Theo James returns as Selene’s protege, David, and I swear to God, if they’re setting him up as a possible love interest to Selene I will quit the series. James’s acting isn’t noticeably wooden, in fact, he’s entirely unremarkable. But in a series that lives and dies by its camp, being unremarkable is the worst thing anyone could say about your character. I don’t resent his presence, but I do not celebrate it, either. He’s just… there.
And finally, we come to the star of the show, the sole reason this franchise continues to exist, the effervescent and ever beautiful Kate Beckinsale. If you liked her in the previous movies, you’ll like her here. Selene hasn’t changed much, and Beckinsale has done this for so long that she can play the character in her sleep. But this time round, there is a world-weariness to Selene. She’s been doing this for too damn long, and all she wants to do now is maybe find a nice cottage by the sea and retire. When the world conspires to drag her back into the war, you half-expect her to exclaim “I’m too old for this shit”.

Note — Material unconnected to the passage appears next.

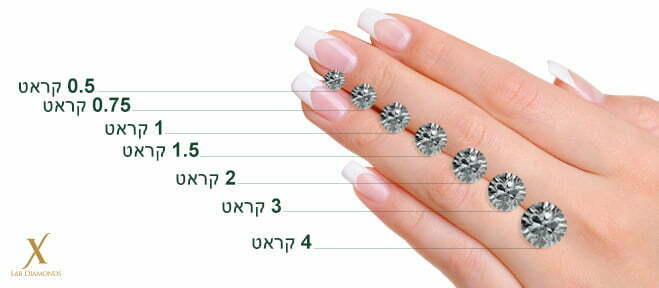 גדלים של יהלומים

I mentioned before that Blood Wars is only a “perfectly acceptable” entry into the series. That’s because, unlike the previous movies, character motivation is kind of flimsy, and the plot is a bit nonsensical. Still, this isn’t enough to sink the film, because the best decision this franchise ever made was to hire veteran character actors to play its major roles. Each of them utters their nonsensical lines in their nonsensical scenes with the utmost sincerity. I will never forget the scene where Semira gives a monologue whilst receiving cunnilingus with all the self-importance one would expect to see in an Iñárritu flick. And it brought back fond memories of Michael Sheen and Rhona Mitra having zero-g sex on the edge of a cliff in Rise of the Lycans. Fun times.

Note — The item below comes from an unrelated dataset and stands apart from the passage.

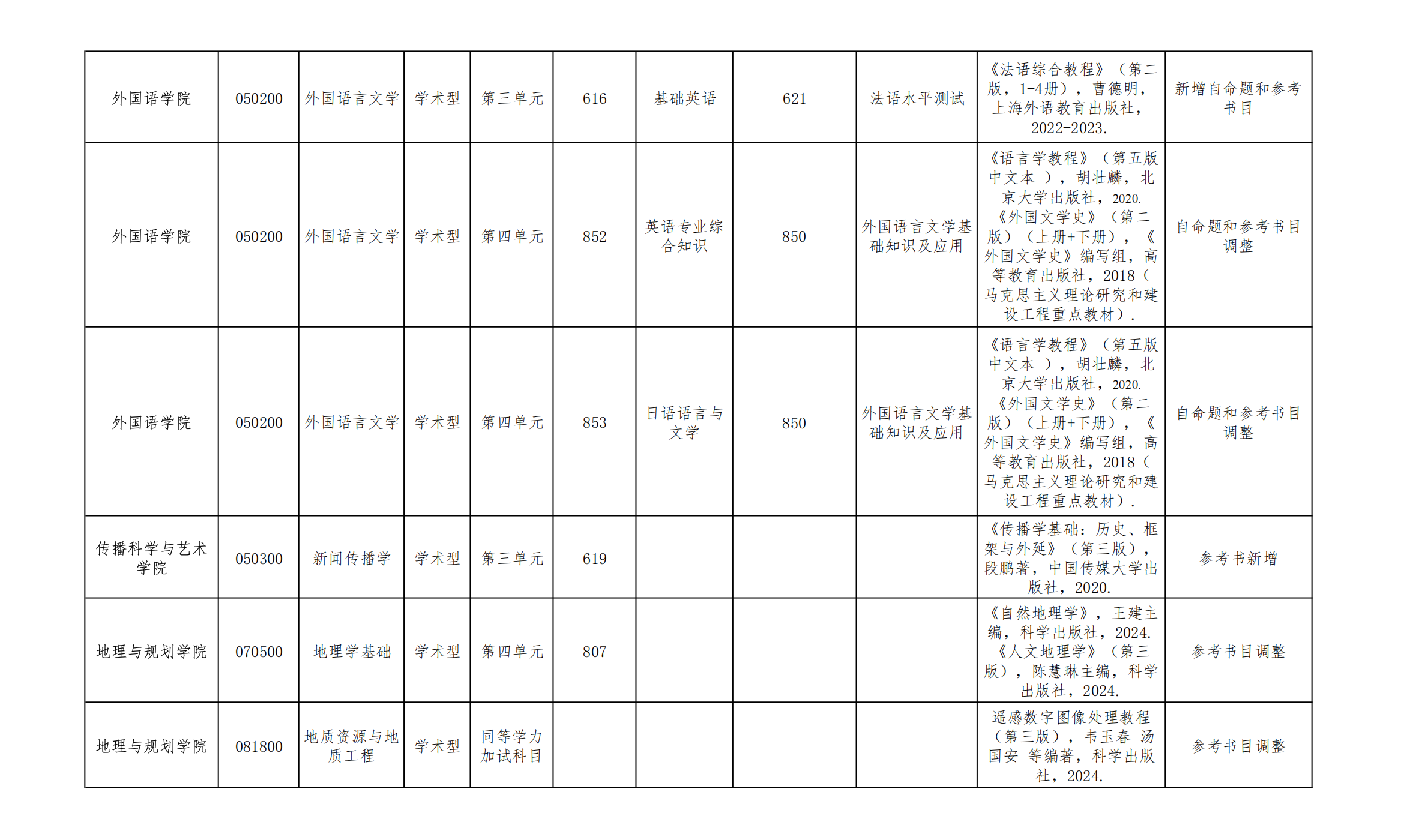 成都理工大学部分学院2026年硕士研究生招生考试自命题科目调整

In regards to the more technical aspects of the film, as much as I hate to admit it, the editing blows. The majority of the scenes feel compartmentalized from each other, there’s very little flow or continuity. The entire movie feels as if it was squeezed into an arbitrarily mandated running time, which made the entire narrative feel like it was hacked off at the knees.
Still, director Anna Foerster – who was a cinematographer before helming Blood Wars – lights her shots perfectly; the scenes in the frozen fjords of the vaguely Scandinavian vampire coven of Vardor are absolutely gorgeous.
I may sound like I’m tearing Blood Wars a new one, but I genuinely liked the movie. The action scenes are equal parts thrilling and goofy, with the gore having been noticeably ramped up. The effects are still as silly as ever, and I’m so glad they brought back some of the hokey puppet lycans. They were sorely missed in Awakening. But at the same time, I can’t help but feel that this entry really doesn’t rise above “decent” because of my aforementioned points.
Still, the heart of what drew me to this franchise is still there, and I can definitely say that if I had seen this movie when I was still in high school, I would have written a six-part fanfic epic immediately after my fifth viewing. And with these sorts of movies, that’s really all I can ask for.
A few more errant thoughts that didn’t warrant their own section:
– Was that Daisy Head’s real tongue, or was it CGI?
– Whatever happened to the detective from Awakening?
– Holy shit! Was that a woman amongst the lycan ranks?
– The lycans themselves are getting too bulky, they look like furry gym rats who abuse steroids.
– How come the vampires and lycans are so white? At least there was a token black member on both sides in the first movie.